### [Required action]
Lines from the one containing "Ottomood House , Aeroporto" through the end of the listing are what is wanted, given again exactly with both ends included and pictures left out.

--------------------------------

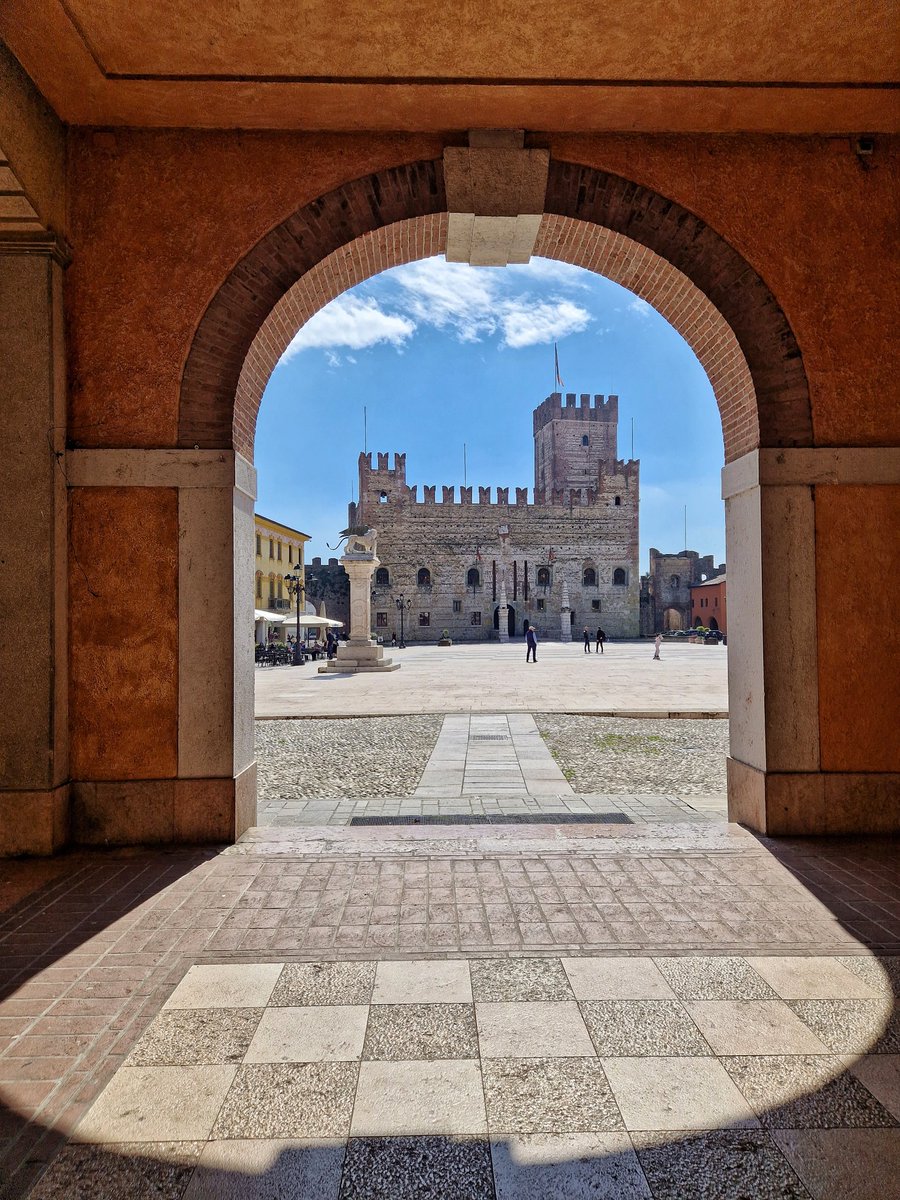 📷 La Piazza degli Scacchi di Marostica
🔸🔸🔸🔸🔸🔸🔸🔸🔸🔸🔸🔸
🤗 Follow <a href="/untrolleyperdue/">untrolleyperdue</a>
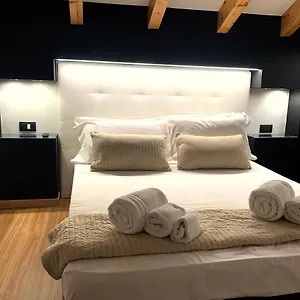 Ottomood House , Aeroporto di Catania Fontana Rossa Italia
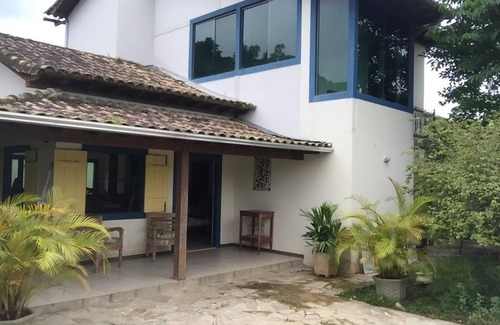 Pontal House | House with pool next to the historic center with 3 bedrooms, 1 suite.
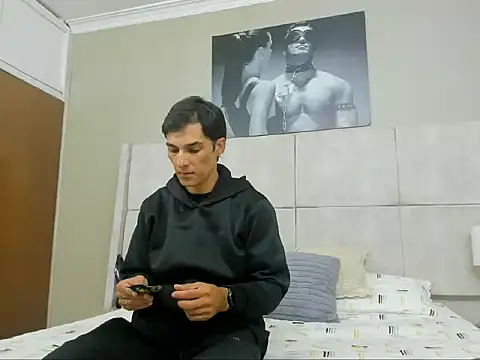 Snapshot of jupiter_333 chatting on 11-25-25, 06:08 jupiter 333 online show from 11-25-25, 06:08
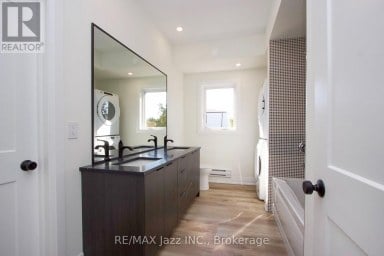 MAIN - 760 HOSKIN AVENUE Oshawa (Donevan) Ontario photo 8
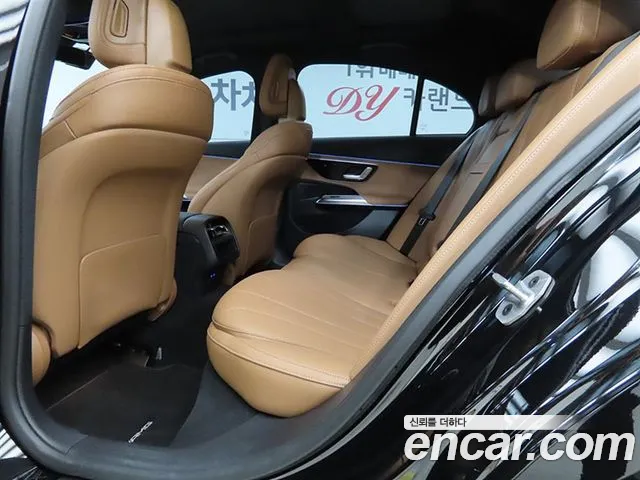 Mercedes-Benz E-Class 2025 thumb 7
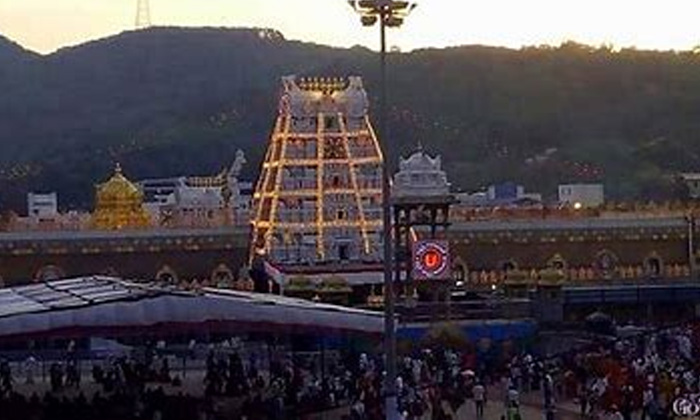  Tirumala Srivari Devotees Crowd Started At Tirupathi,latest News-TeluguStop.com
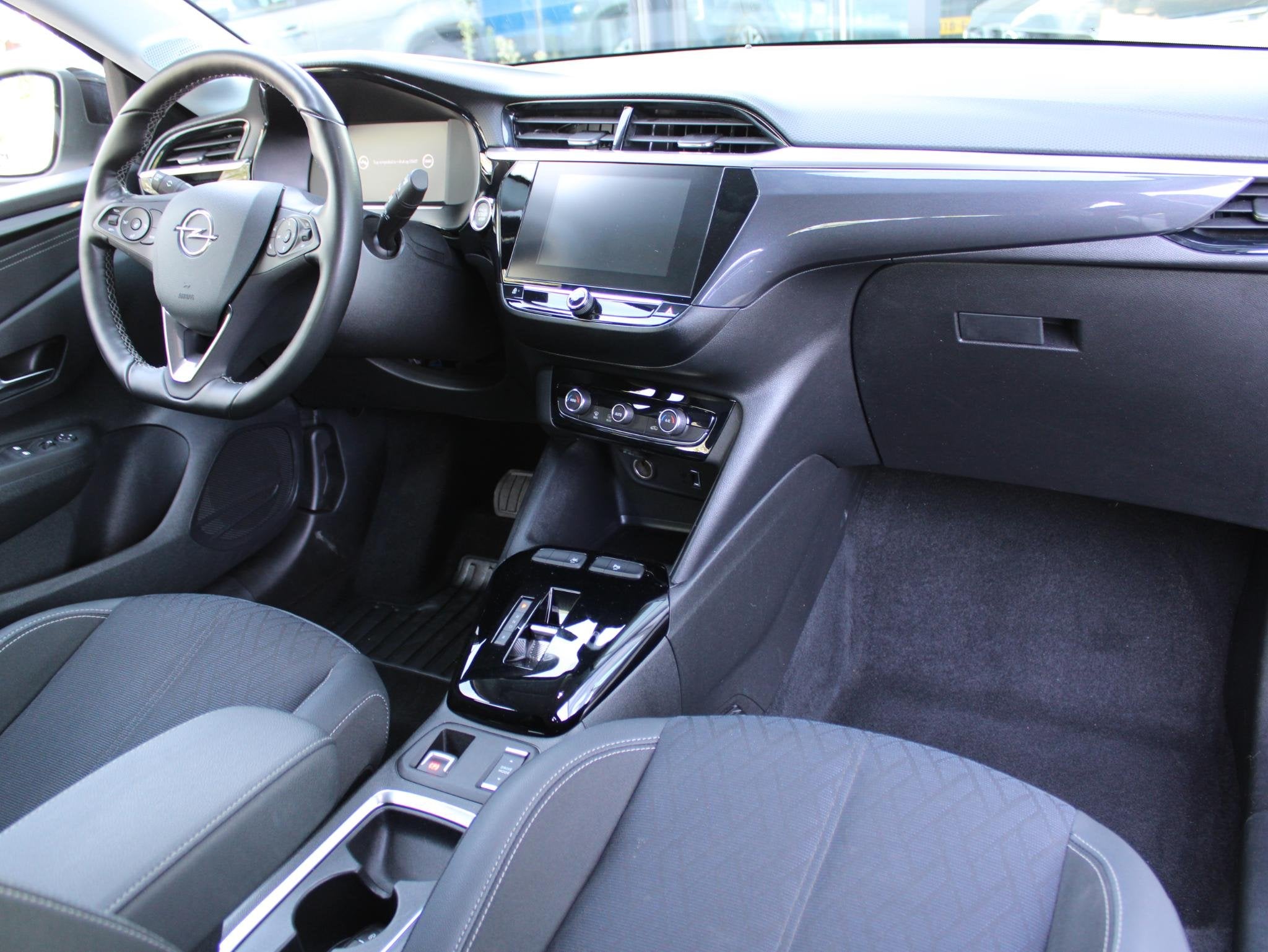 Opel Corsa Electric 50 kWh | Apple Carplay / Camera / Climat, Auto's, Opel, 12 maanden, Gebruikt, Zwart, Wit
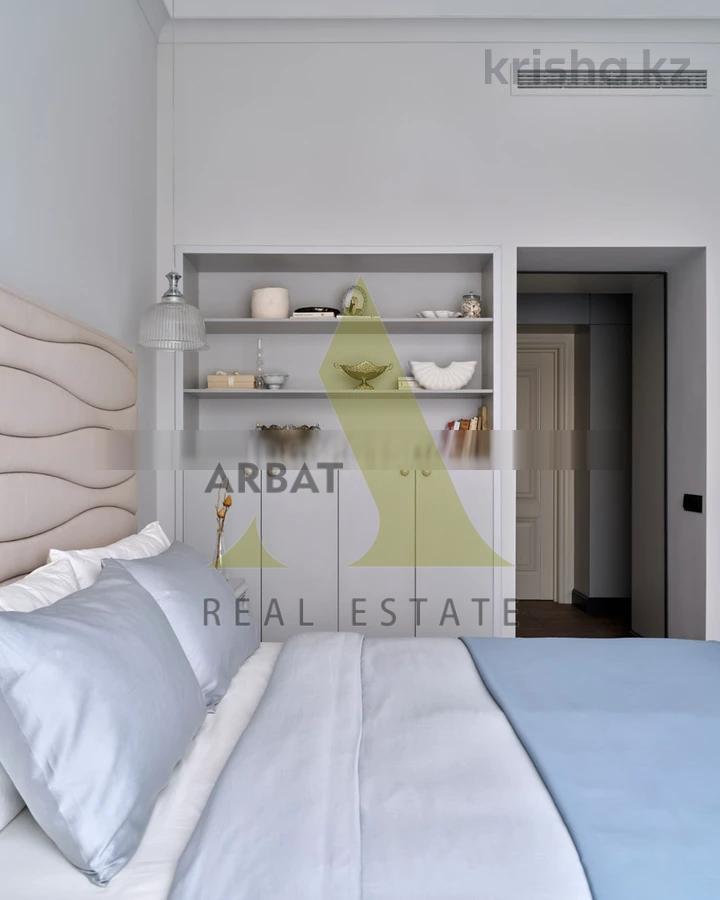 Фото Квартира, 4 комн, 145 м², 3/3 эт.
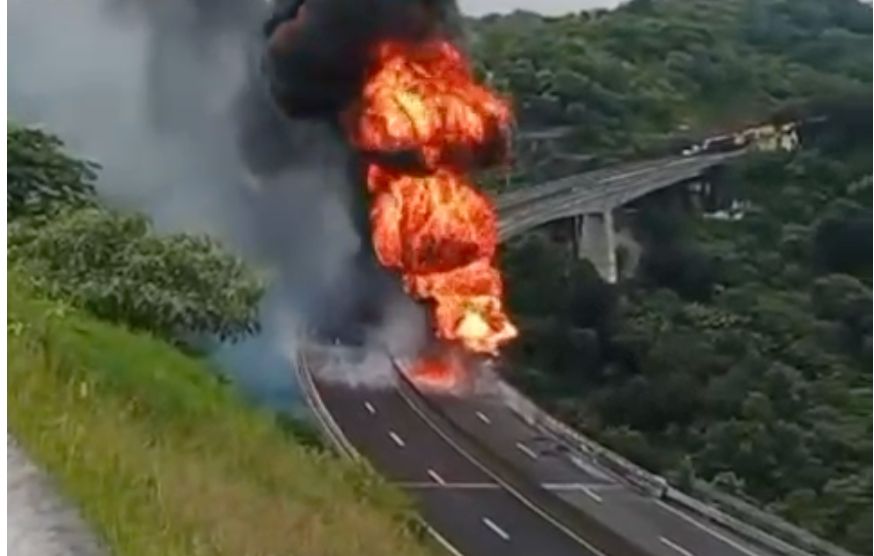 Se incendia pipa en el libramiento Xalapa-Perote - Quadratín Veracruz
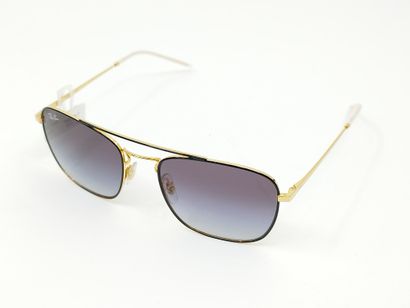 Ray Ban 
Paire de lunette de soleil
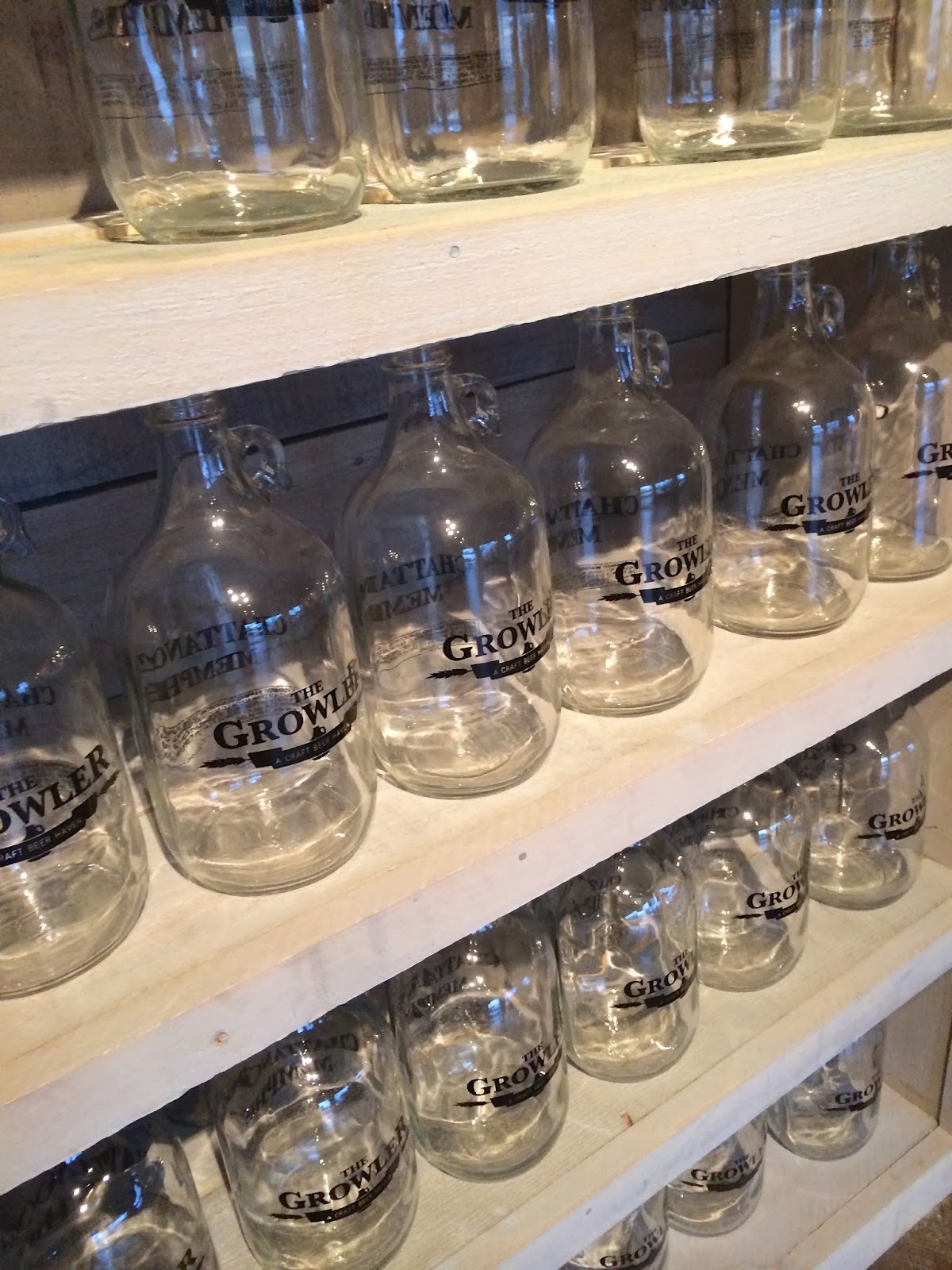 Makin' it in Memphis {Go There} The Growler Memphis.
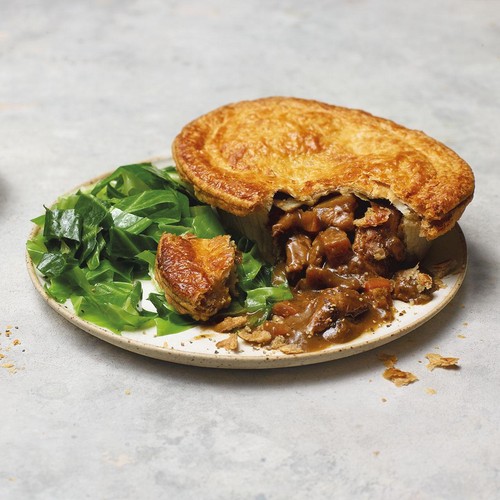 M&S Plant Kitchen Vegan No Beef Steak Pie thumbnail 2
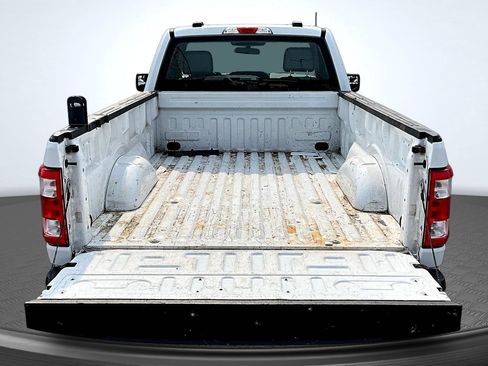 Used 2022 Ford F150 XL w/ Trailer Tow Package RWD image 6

--------------------------------

### [Result below]
 Ottomood House , Aeroporto di Catania Fontana Rossa Italia
 Pontal House | House with pool next to the historic center with 3 bedrooms, 1 suite.
 Snapshot of jupiter_333 chatting on 11-25-25, 06:08 jupiter 333 online show from 11-25-25, 06:08
 MAIN - 760 HOSKIN AVENUE Oshawa (Donevan) Ontario photo 8
 Mercedes-Benz E-Class 2025 thumb 7
  Tirumala Srivari Devotees Crowd Started At Tirupathi,latest News-TeluguStop.com
 Opel Corsa Electric 50 kWh | Apple Carplay / Camera / Climat, Auto's, Opel, 12 maanden, Gebruikt, Zwart, Wit
 Фото Квартира, 4 комн, 145 м², 3/3 эт.
 Se incendia pipa en el libramiento Xalapa-Perote - Quadratín Veracruz
 Ray Ban 
Paire de lunette de soleil
 Makin' it in Memphis {Go There} The Growler Memphis.
 M&S Plant Kitchen Vegan No Beef Steak Pie thumbnail 2
 Used 2022 Ford F150 XL w/ Trailer Tow Package RWD image 6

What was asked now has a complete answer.